My husband spent his last two years on/near campus 3+ hours from home - completely different experience. We both agreed that “going away” to school was going to be part of the college picture for D. She is only 1 hour away, but it has made all the difference - making friends, feeling connected to the school and city, and getting a lot of “adulting” lessons that arise from not being under her parents’ roof a majority of the year. We have the financial means to make this happen (single child, in-state tuition at state school, within driving distance) and are grateful for that.

Having made college decisions from both sides of the economic spectrum, I can say that money (or the lack of it) truly colors your perception of what a college experience can be.

Yes anyone like @WesmoreDad who thinks all families have 150k+ incomes definitely lives in a bubble.

^ I think all families have 150k incomes? I didn’t know that. Thanks for clarifying.

I think every family has 150k income and live in a bubble? I do? I didn’t realize any of that. Thanks so much for clarifying. Do you always jump to conclusions? Or is that just for me?

8-|

Good post @Undercrackers … college was a means to an end for me, too, and though commuting wasn’t an option, I’m also glad it wasn’t. Somehow between the federal and state grants, work study, what little my mom could send me and working all summer and saving every penny I could, I made it work without too much debt. That was a long time ago though.

^Well you did seem to think any family getting by on 75k was some rare exception.

A generation ago, college costs and living expenses relative to what a high school graduate could earn by working were lower, so that it was more possible for someone back then to work his/her way through college without parental support (parental support includes continuing living at the parents’ place at no or minimal cost).

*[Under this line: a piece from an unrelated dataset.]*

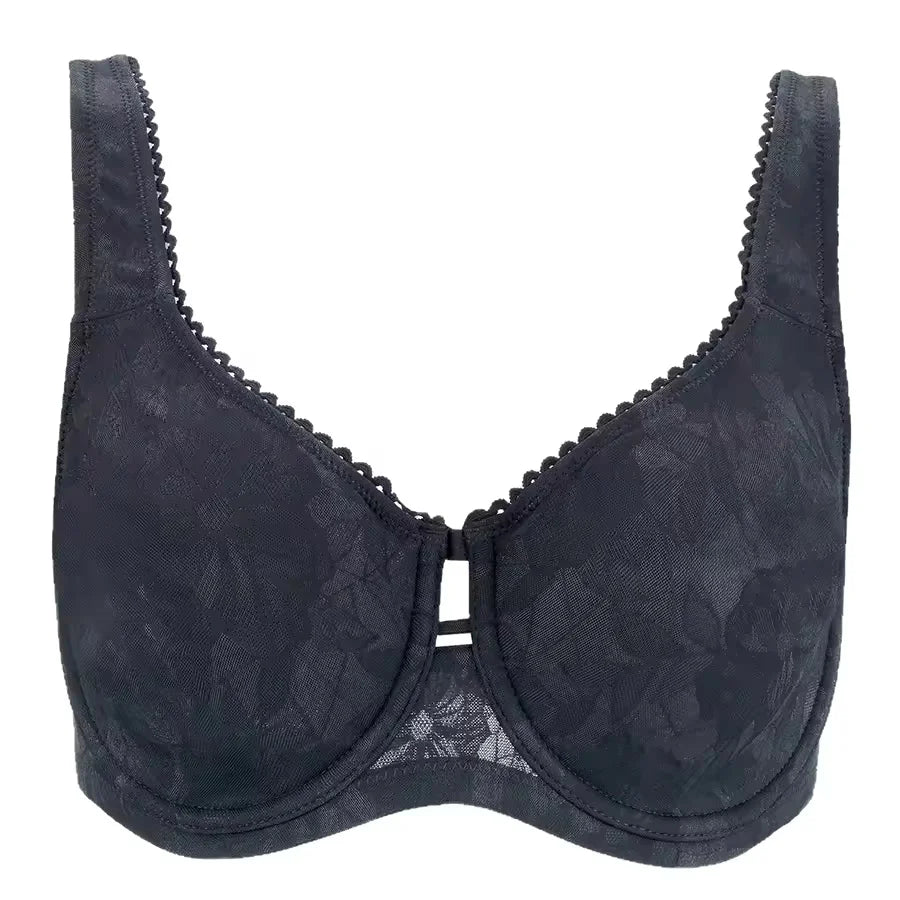 Minimizer Bra Non-Padded Plus Size Women's Floral Underwire Lifting Supportive Lingerie 80 85 90 95 100  C D E F G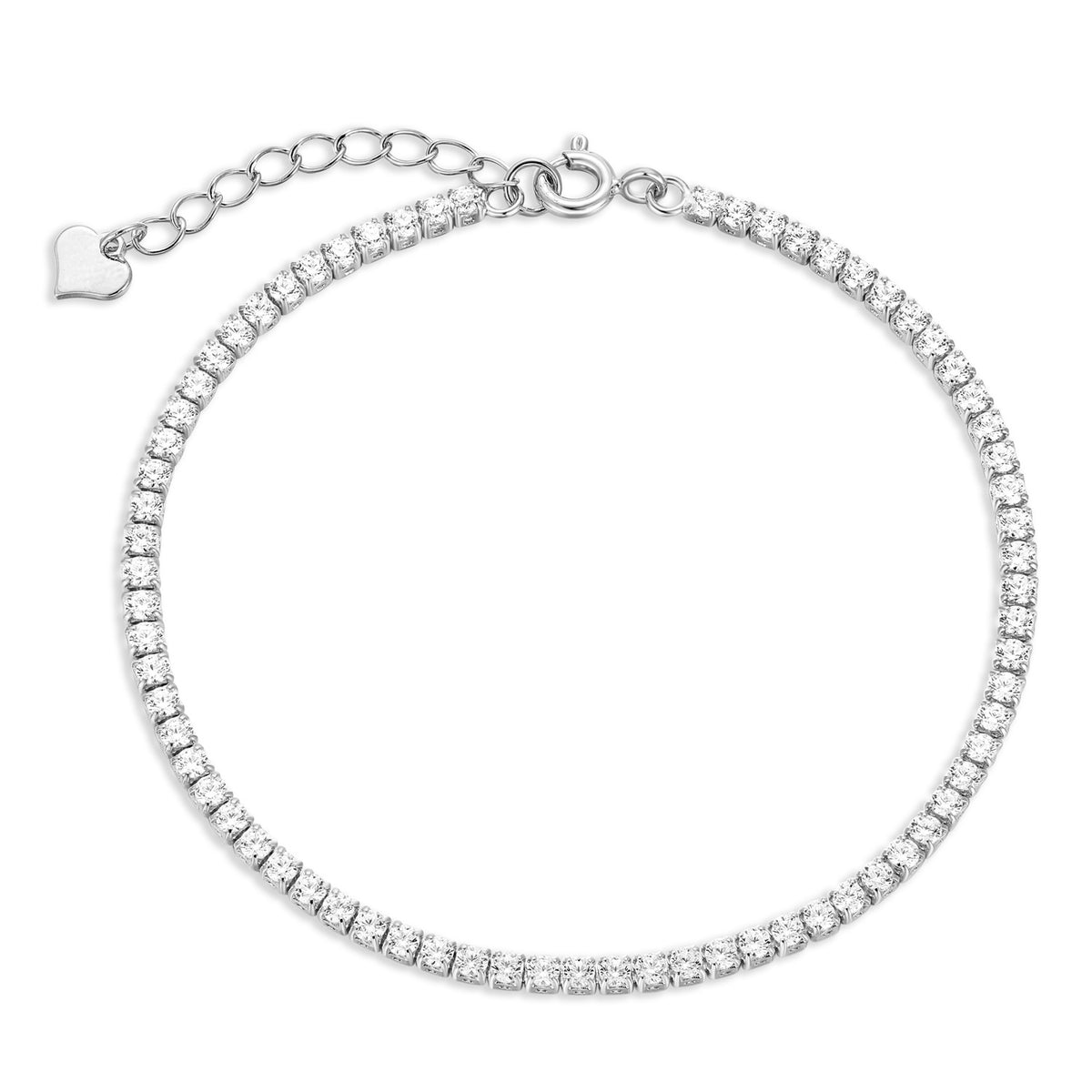Tennisarmband 925 Silber mit Zirkonia-Steinen und Herzanhänger, Gliederkette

I grew up in a university town and of those who went to college, many went to the local school and lived at home. I happened to live in the dorm one semester because my parents moved. Most of my town friends hung out at the school a lot, eating in the Student Union, playing foosball, attending events. Usually not as freshmen, but often as sophomores or later, they moved into apartments near campus so did have the ‘college experience.’ A few joined fraternities. I think everyone was pretty much a college student, not just a commuter.

One guy I knew (because he was in my older sister’s class) was involved in student government and president of a few clubs. Kids who went to other universities often took summer courses at the local school.

I am a teacher with 25 years experience in NJ, and I make $90. My husband’s income is $140.Nj has a high COA, but we have been very frugal, live in a small house bought (luckily) before the prices skyrocketed in the 90s. We can just pull off college for out 3 children, will the help of merit grants. Our kids choose their match schools, not reach schools.